In [1]:
import os
import pandas as pd
from sklearn.preprocessing import LabelEncoder

# Set the correct backend for DGL
os.environ["DGLBACKEND"] = "pytorch"

In [2]:
# Load the 5% sample of the transactions data
BASE_PATH = '../data/'

transactions = pd.read_parquet(BASE_PATH + 'parquet/transactions_train_sample_0.05.parquet')

# Preprocessing the data

DGSR except the data in a certain format the following code will change the data to the correct format so we can run the DGSR code without having to change the DGSR code itself.

In [3]:
# This are the columns that DGSR expects
transactions = transactions.rename(columns={"article_id": "item_id", "customer_id": "user_id"})
# Need unix timestamp for DGSR
transactions['time'] = (transactions['t_dat'] - pd.Timestamp("1970-01-01")) // pd.Timedelta('1s')

# Drop the columns that are not needed for DGSR
transactions.drop(columns=['t_dat', 'sales_channel_id', 'price', 'week'], inplace=True)

In [4]:
# Change the datatype of the columns to the ones expected by DGSR
# Label encode the user_id 
# Easy way to get the user_id to start at 0 and have no gaps between the different user_id
le = LabelEncoder()
le.fit(transactions['user_id'])
transactions['user_id'] = le.transform(transactions['user_id'])

# Label encode the item_id 
# Easy way to get the item_id to start at 0 and have no gaps between the different item_id
le = LabelEncoder()
le.fit(transactions['item_id'])
transactions['item_id'] = le.transform(transactions['item_id'])

In [5]:
# Save to csv
transactions.to_csv(BASE_PATH + 'dgsr/transactions_train.csv', index=False)

# Important note
 Make sure the DGSR submodule is pulled from git and the correct requirements are installed
 
# Installation

The requirements inside the [requirements](./requirements.txt) file work for me.
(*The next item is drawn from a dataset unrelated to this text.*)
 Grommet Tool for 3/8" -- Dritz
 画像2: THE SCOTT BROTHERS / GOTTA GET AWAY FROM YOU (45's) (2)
Depending on the GPU you have and what CUDA versions it
supports you might have to install different versions of dgl and pytorch. If you have an AMD GPU you will have to find out what works for you.

Version selector for [dgl](https://www.dgl.ai/pages/start.html) and for [pytorch](https://pytorch.org/get-started/locally/)

At some point I needed an older version of pytorch to get the correct CUDA versions so it didn't clash with the CUDA versions for DGL, those you can find [here](https://pytorch.org/get-started/previous-versions/)

In [6]:
# Move the data into the DGSR submodule
!cp -a ../data/dgsr/. ../DGSR/Data/

The following might take a while to generate all the graphs and it will take quit a lot of storage space (50+ GB). Expanding the small amount of data results in massive amounts of graph data and is the reason why it is not feasible for me to run this on my own hardware. 

Their datasets were similar size to our 5% sample which I use, but later on I found out that they have way more compute power than I do. So hence the reason why it is not feasible for me to run this on my own hardware.

In [None]:
# Generate the dynamic graphs and save them to disk so they don't have to be generated multiple times at runtime
!./load_data.sh

# Changes to make in the DGSR code
Open [this](./DGSR/generate_neg.py) file and change the dataset to "transactions_train"

In [None]:
# Generate negative samples, those are used for test and validation dataset of the algorithm
!./load_neg_data.sh

The following will take a while to run, I ran it for like 2 or 3 hours and it wasn't even close to finishing. I estimate to take at least 1.5 to 2 days to run on my hardware. I have other courses for which I also need my the GPU compute power so I can't run it for that long. 

In [None]:
# Train the model
!./train.sh